While the taxonomy is based on web data collected between 2012 and 2017, the approach has teh potential to be developed on the basis of real time data. And it is likely to be only one of a number of tools produced in the next two years using machine learning to analyse large data sets. The use of real-time data from web vacancies is receiving a lot of attention right now.

There is also interest in the idea of skills clusters in the ongoing debate over the impact of Artificial Intelligence on jobs and employment. Rather than whole occupations disappearing (and others surviving) it is more likely that the different skills required within occupations may change

The development of Labour Market Information systems

Over the past few years, part of my work has been involved in the design and development of Labour Market Information Systems. But just as with any facet of using new technologies, there is a socio-technical background to the emergence and use of new systems.

Most countries today have a more or less elaborated Labour Market Information system. In general, we can trace three phases in the development of these systems (Markowitch, 2017). Until the 1990s, Labour Market Information systems, and their attendant classification systems, mainly provided statistics for macroeconomic analysis, policy and planning. Between the 1990s and 2005 they were extended to provide data around the structuring and functioning of the Labour markets.

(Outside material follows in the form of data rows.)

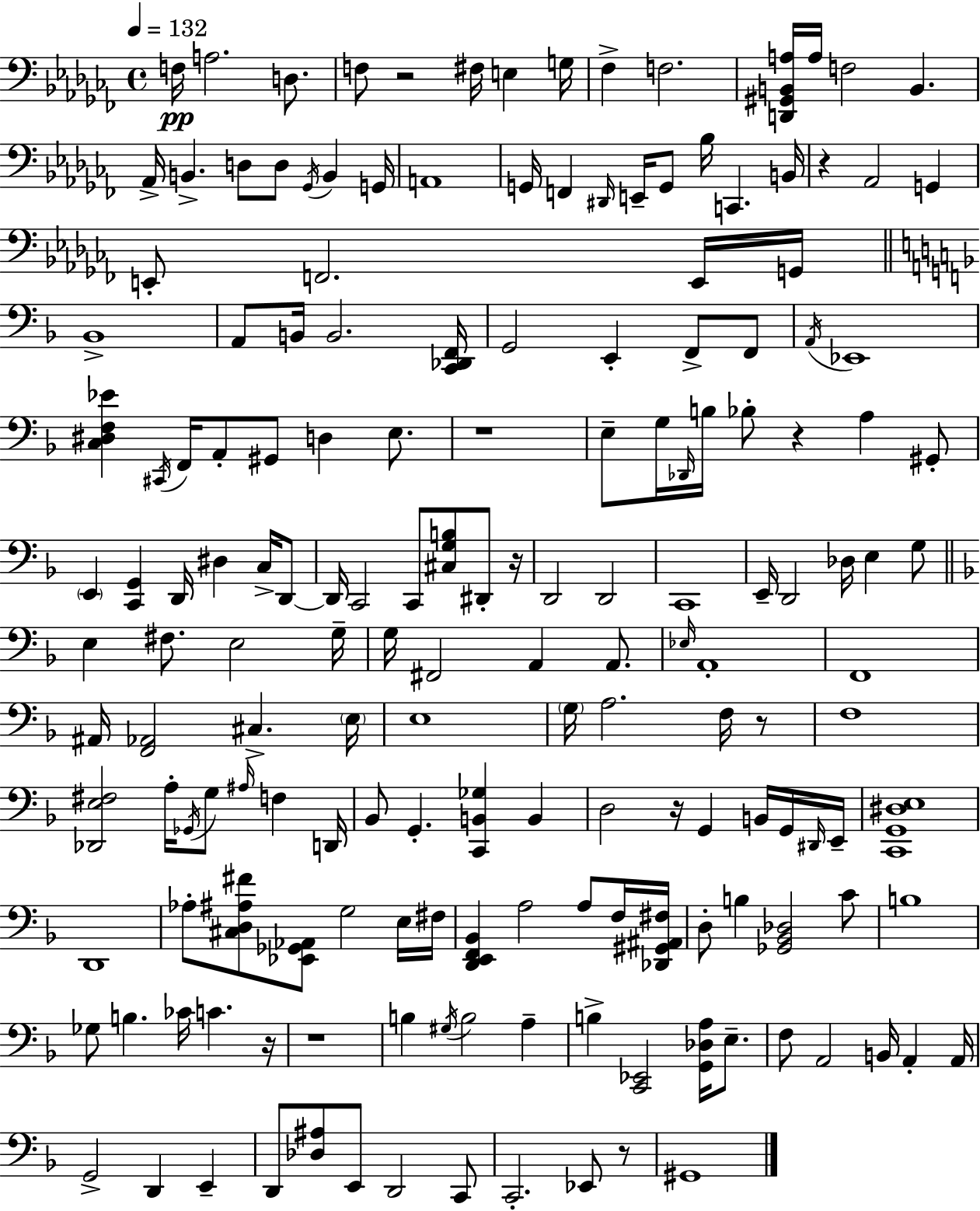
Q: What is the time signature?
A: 4/4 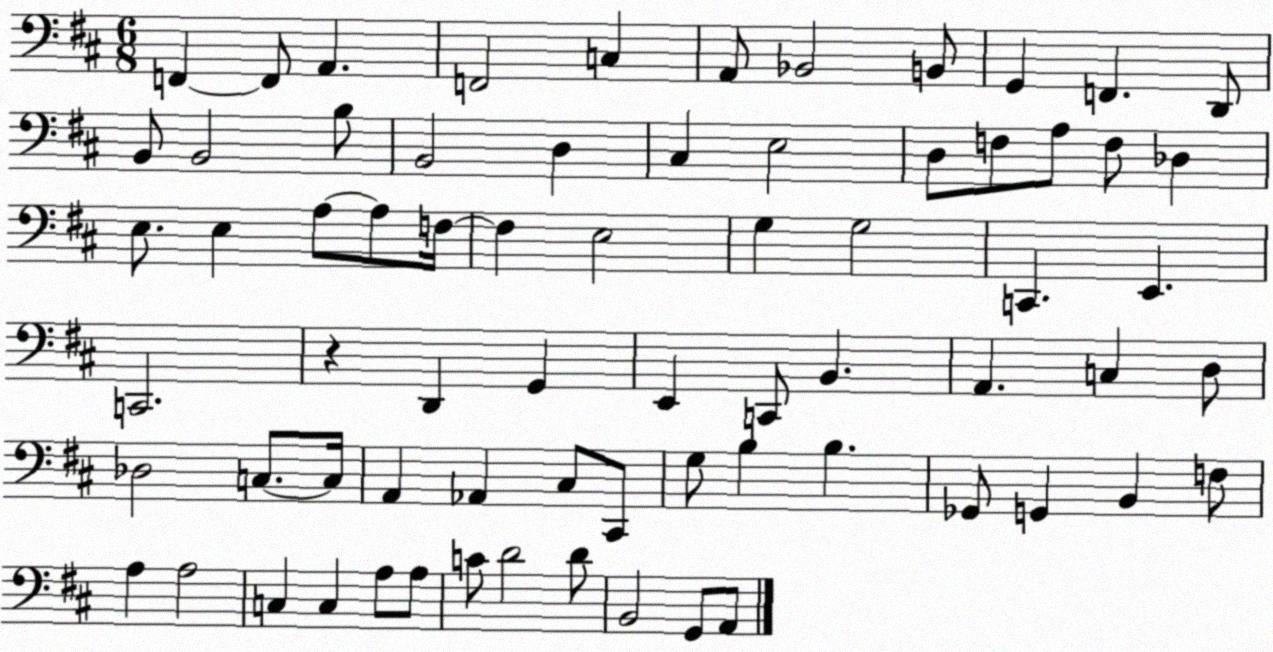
X:1
T:Untitled
M:6/8
L:1/4
K:D
F,, F,,/2 A,, F,,2 C, A,,/2 _B,,2 B,,/2 G,, F,, D,,/2 B,,/2 B,,2 B,/2 B,,2 D, ^C, E,2 D,/2 F,/2 A,/2 F,/2 _D, E,/2 E, A,/2 A,/2 F,/4 F, E,2 G, G,2 C,, E,, C,,2 z D,, G,, E,, C,,/2 B,, A,, C, D,/2 _D,2 C,/2 C,/4 A,, _A,, ^C,/2 ^C,,/2 G,/2 B, B, _G,,/2 G,, B,, F,/2 A, A,2 C, C, A,/2 A,/2 C/2 D2 D/2 B,,2 G,,/2 A,,/2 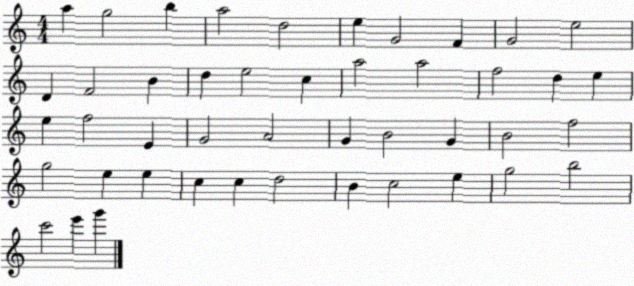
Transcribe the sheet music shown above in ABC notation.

X:1
T:Untitled
M:4/4
L:1/4
K:C
a g2 b a2 d2 e G2 F G2 e2 D F2 B d e2 c a2 a2 f2 d e e f2 E G2 A2 G B2 G B2 f2 g2 e e c c d2 B c2 e g2 b2 c'2 e' g' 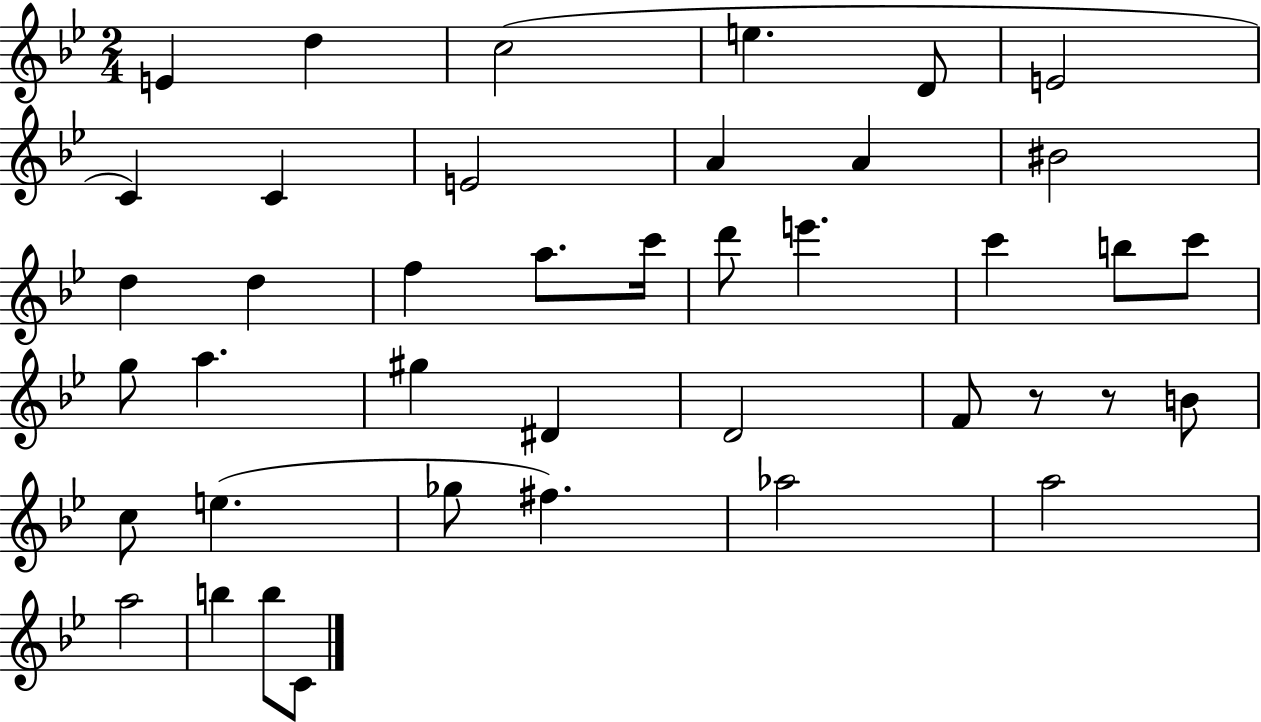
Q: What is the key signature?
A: BES major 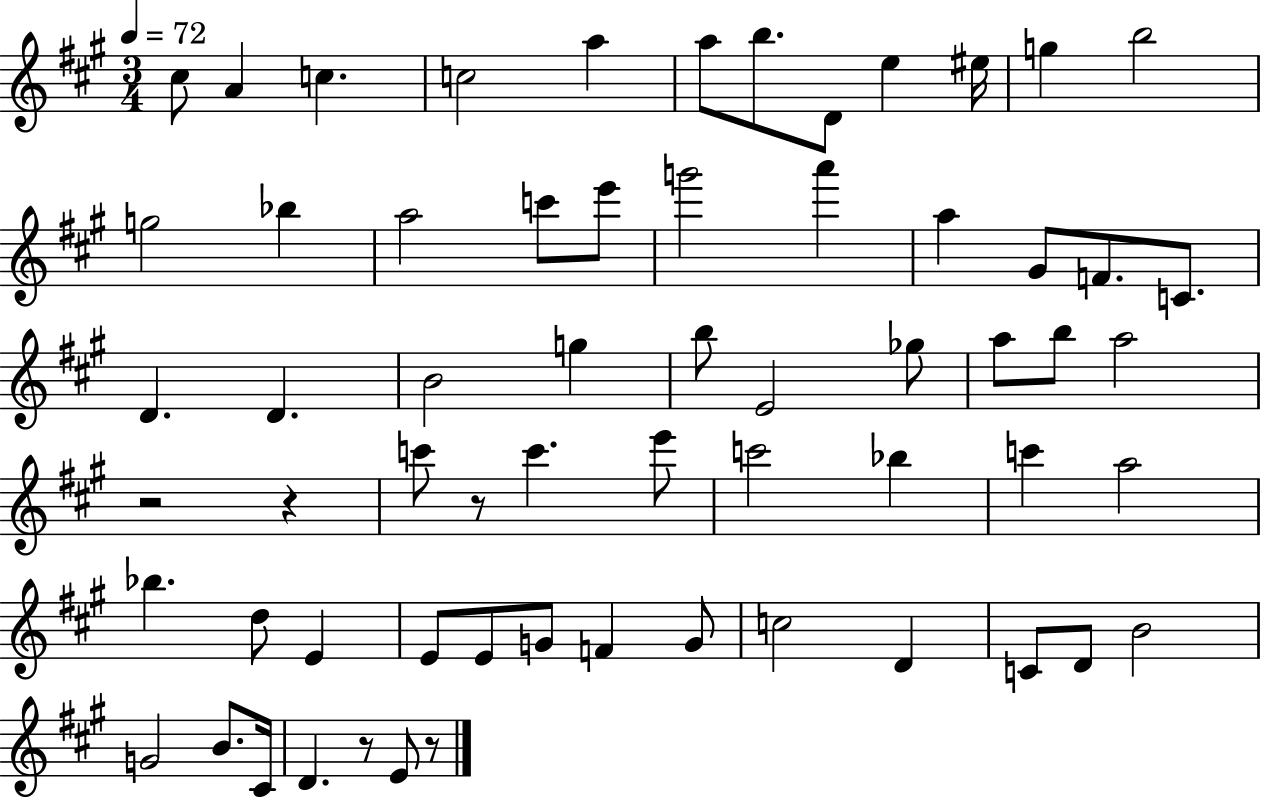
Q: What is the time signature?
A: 3/4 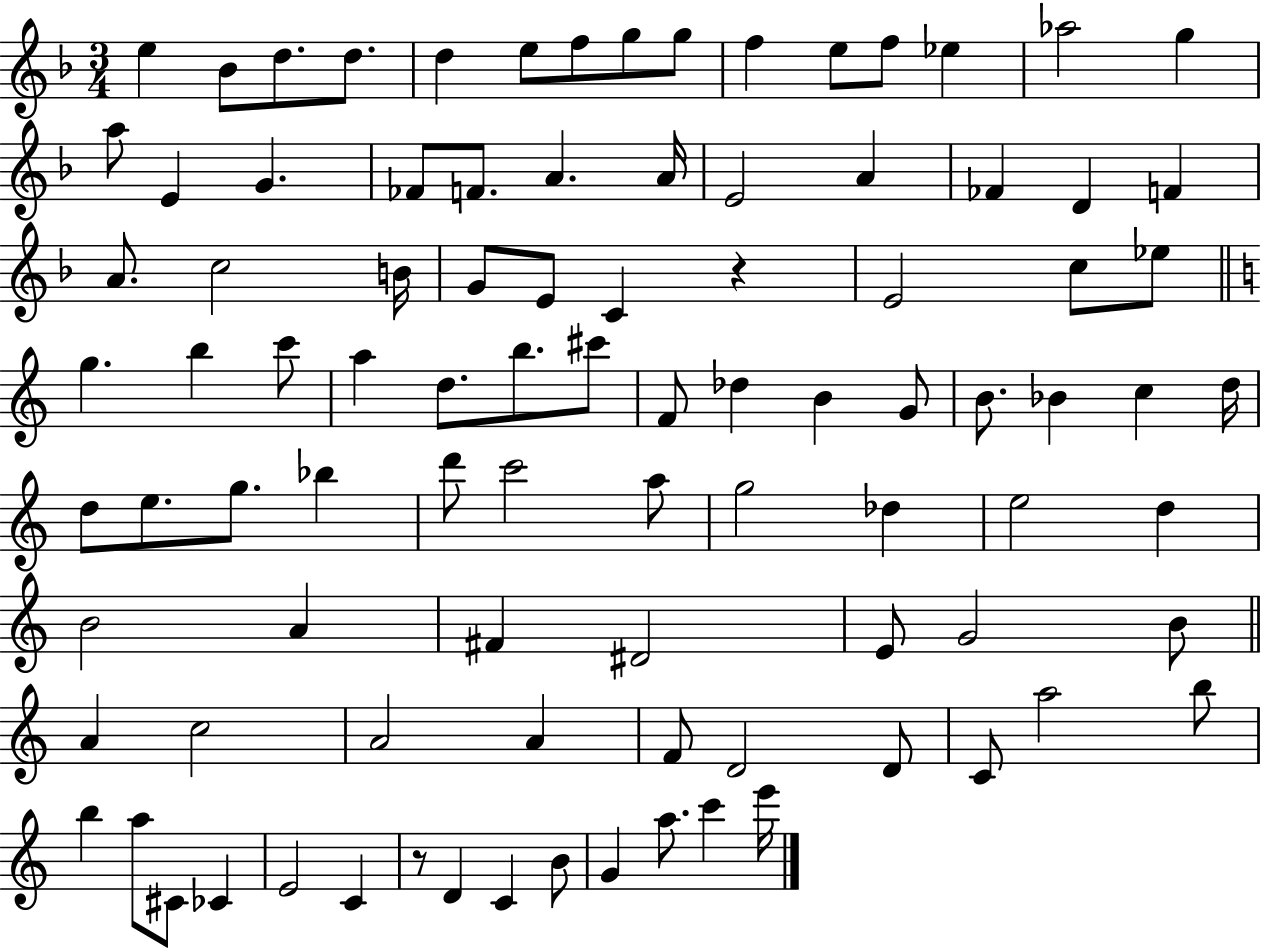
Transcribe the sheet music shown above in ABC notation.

X:1
T:Untitled
M:3/4
L:1/4
K:F
e _B/2 d/2 d/2 d e/2 f/2 g/2 g/2 f e/2 f/2 _e _a2 g a/2 E G _F/2 F/2 A A/4 E2 A _F D F A/2 c2 B/4 G/2 E/2 C z E2 c/2 _e/2 g b c'/2 a d/2 b/2 ^c'/2 F/2 _d B G/2 B/2 _B c d/4 d/2 e/2 g/2 _b d'/2 c'2 a/2 g2 _d e2 d B2 A ^F ^D2 E/2 G2 B/2 A c2 A2 A F/2 D2 D/2 C/2 a2 b/2 b a/2 ^C/2 _C E2 C z/2 D C B/2 G a/2 c' e'/4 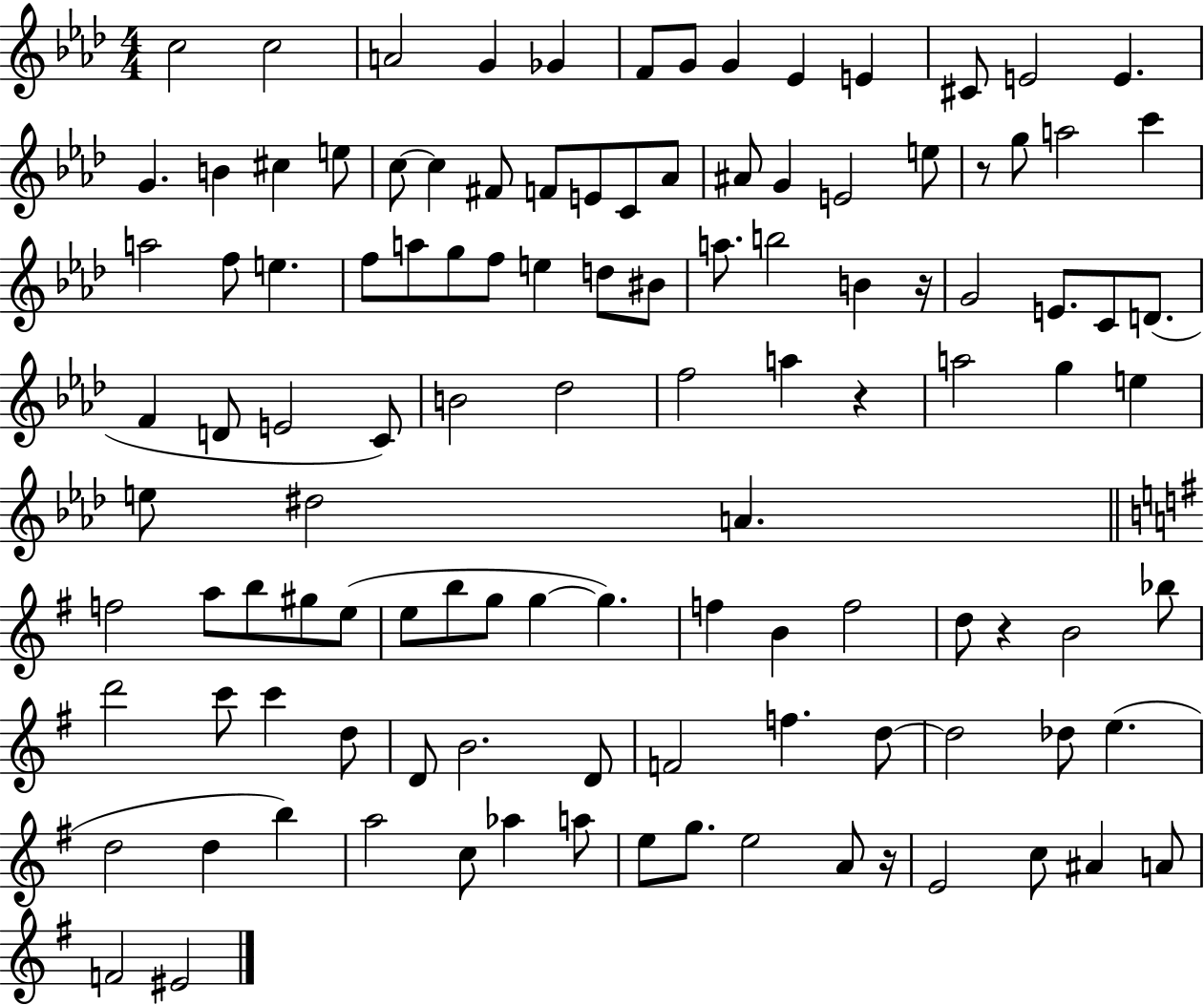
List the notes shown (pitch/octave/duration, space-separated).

C5/h C5/h A4/h G4/q Gb4/q F4/e G4/e G4/q Eb4/q E4/q C#4/e E4/h E4/q. G4/q. B4/q C#5/q E5/e C5/e C5/q F#4/e F4/e E4/e C4/e Ab4/e A#4/e G4/q E4/h E5/e R/e G5/e A5/h C6/q A5/h F5/e E5/q. F5/e A5/e G5/e F5/e E5/q D5/e BIS4/e A5/e. B5/h B4/q R/s G4/h E4/e. C4/e D4/e. F4/q D4/e E4/h C4/e B4/h Db5/h F5/h A5/q R/q A5/h G5/q E5/q E5/e D#5/h A4/q. F5/h A5/e B5/e G#5/e E5/e E5/e B5/e G5/e G5/q G5/q. F5/q B4/q F5/h D5/e R/q B4/h Bb5/e D6/h C6/e C6/q D5/e D4/e B4/h. D4/e F4/h F5/q. D5/e D5/h Db5/e E5/q. D5/h D5/q B5/q A5/h C5/e Ab5/q A5/e E5/e G5/e. E5/h A4/e R/s E4/h C5/e A#4/q A4/e F4/h EIS4/h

Mangozho (2003) attributes the change as a move from an industrial society to a post-industrial society (and the move to transition economies in Eastern Europe). Such a definition may be contentious, but he usefully charts changes in Labor market structures which give rise to different information needs. “While previously, the economic situation (especially the job structure) was relatively stable, in the latter phase the need for LMI increases because the demand for skills and qualifications changes fundamentally; the demand for skills / qualifications changes constantly, and because of these changes, Vocational Education and Training (VET) system has to be managed more flexibly (ETF, 1998)’.

He says: “In the industrial/pre-transition periods:

  • The relationship between the education and training system and the Labor market was more direct.
  • Occupational structures changed very slowly and as such, the professional knowledge and skills could easily be transferred.
  • Planning, even for short-term courses, could be done well in advance, and there was no need to make any projections about the future demands of occupations
  • The types of subjects and the vocational content required for specific jobs were easily identifiable.
  • There was little need for flexibility or to design tailor-made courses.
  • The education system concentrated on abstract and theoretical knowledge as opposed to practical knowledge.
  • Steady economic growth made it possible for enterprises to invest in on the job training.
  • There was less necessity to assess the relevance and adequacy of the VET system because it was deemed as adequate.
  • A shortage of skills could easily be translated into an increase of the number of related training institutions or student enrolments without necessarily considering the cost effectiveness of such measures. (Sparreboom, T, 1999).
  • Immediate employment was generally available for those who graduated from the education and training systems.”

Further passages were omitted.